CNA/H Canasia Financial Inc

CanAsia Announces Closing Of Debenture Offering

CanAsia Announces Closing Of Debenture Offering

CALGARY, Alberta, Nov. 15, 2018 (GLOBE NEWSWIRE) -- CanAsia Financial Inc. ("CanAsia" or the "Company") (NEX: CNA.H) is pleased to announce that it has completed its previously announced non-brokered private placement of convertible unsecured debentures (the "Debentures") in the principal amount of $660,000 for gross proceeds of $660,000 (the "Offering"). The Debentures accrue interest at 5% per year, mature two years from the date of issuance, are payable at any time by the Company without penalty and are convertible by the holder at any time into common shares of the Company ("Common Shares") at a conversion price of $0.125 per share.

The proceeds of the Offering will be used to pay outstanding and ongoing expenses to maintain the Company's status as a reporting issuer listed on NEX, to pay $160,000 of advances previously provided by insiders of the Company and to complete the proposed acquisition of Techni Modul Engineering S.A. announced by the Company on September 27, 2018. The previous advances are being paid by funds raised pursuant to the Offering. Completion of the Offering is subject to regulatory approval, including the approval of the TSX Venture Exchange. The Debentures issued and the underlying Common Shares issuable upon conversion thereof are subject to a four month hold period from the date of the closing of the Offering.

The total Offering was subscribed for in cash and not partially through the settlement of previous advances as was originally announced on September 27, 2018.

Related Party Participation in the Offering and Early Warning

Insiders subscribed for the entirety of the Offering. As insiders of CanAsia participated in this Offering, it is deemed to be a “related party transaction” as defined under Multilateral Instrument 61-101-Protection of Minority Security Holders in Special Transactions ("MI 61-101").

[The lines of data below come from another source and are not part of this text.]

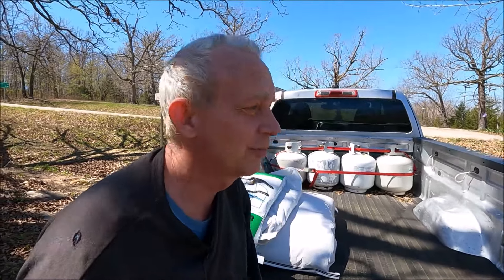Before showing all the damage from that massive earthquake, I'll do the off-grid update first and then we'll talk about the earthquake.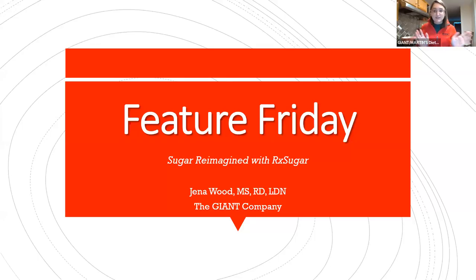Hi everyone, thank you so much for joining me today for our Feature Friday. My name is Jenna Wood and I am one of the dieticians here with The Giant Company.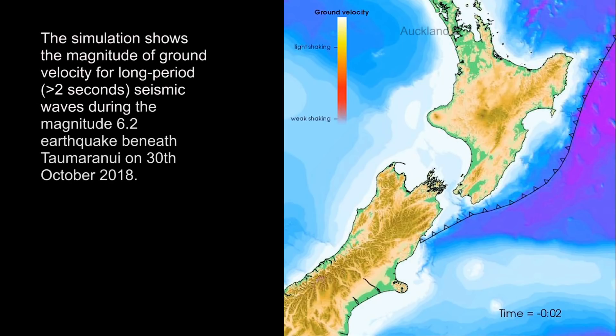The simulation shows the magnitude of ground velocity for long period, greater than 2 seconds, seismic waves during the magnitude 6.2 earthquake beneath Tau Maranui on 30 October 2018.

Neither the Company, nor to the knowledge of the Company after reasonable inquiry, a related party, has knowledge of any material information concerning the Company or its securities that has not been generally disclosed.

The Offering is exempt from the formal valuation and minority shareholder approval requirements of MI 61-101 (pursuant to subsections 5.5(c) and 5.7(1)(b)) as it was a distribution of securities for cash and neither the fair market value of the Debentures distributed to, nor the consideration received from, interested parties exceeded $2,500,000.

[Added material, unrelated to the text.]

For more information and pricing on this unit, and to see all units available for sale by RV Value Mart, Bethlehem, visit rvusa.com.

Upon closing of the Offering, Sicheng Zhang, through Malchemy Corporation Limited ("Malchemy"), a company controlled by Mr. Zhang, owns $600,000 principal amount of Debentures and 29,000,000 Common Shares (held directly), which represents approximately 25.63% of the issued and outstanding Common Shares. Assuming the conversion of the Debentures held by Mr. Zhang indirectly, Mr. Zhang would then own, directly and indirectly, 33,800,000 Common Shares, representing 28.65% of the issued and outstanding Common Shares. Prior to the Offering, Mr. Zhang owned 29,000,000 Common Shares. The Debentures were acquired by Mr. Zhang through Malchemy for investment purposes. 

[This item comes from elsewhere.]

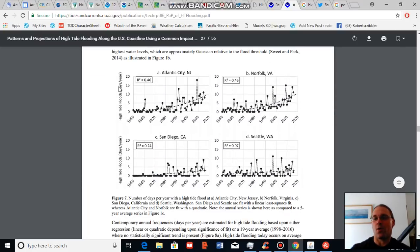NOAA also provides location-specific frequency data. Looking at Atlantic City, tidal flooding days have increased from around one per year to nearly 10 per year. Norfolk, Virginia was already indicated. For San Diego, the rate of change is not as high, but you're still talking about a tripling since the 1950s — and about the same for Seattle. It's a very good resource and I recommend you take a look at it.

An early warning report will be filed by Mr. Zhang in accordance with applicable securities laws and will be available on SEDAR at or may be obtained from the Company upon request.

About CanAsia

CanAsia is an Alberta based company listed on the NEX board of the TSX Venture Exchange. It is engaged in the business of developing unique new business opportunities in the Pacific Rim countries and elsewhere. The Company is located in Calgary, Alberta of Canada.

For further information, please contact James G. Louie, Chief Executive Officer via email .

Advisory

This news release may contain certain forward-looking information and statements, including without limitation, statements pertaining to the Company's ability to obtain the necessary approvals, including regulatory approvals. Statements containing the words: 'believes', 'intends', 'expects', 'plans', 'seeks' and 'anticipates' and any other words of similar meaning are forward-looking. All statements included herein involve various risks and uncertainties because they relate to future events and circumstances beyond the Company's control. There can be no assurance that such information will prove to be accurate, and actual results and future events could differ materially from those anticipated in such information. A description of assumptions used to develop such forward-looking information and a description of risk factors that may cause actual results to differ materially from forward-looking information can be found in CanAsia's disclosure documents on the SEDAR website at Any forward-looking statements are made as of the date of this press release and CanAsia does not undertake to update any forward-looking information except in accordance with applicable securities laws.

Neither the TSX Venture Exchange nor its Regulation Services Provider (as that term is defined in the policies of the TSX Venture Exchange) accepts responsibility for the adequacy or accuracy of this release.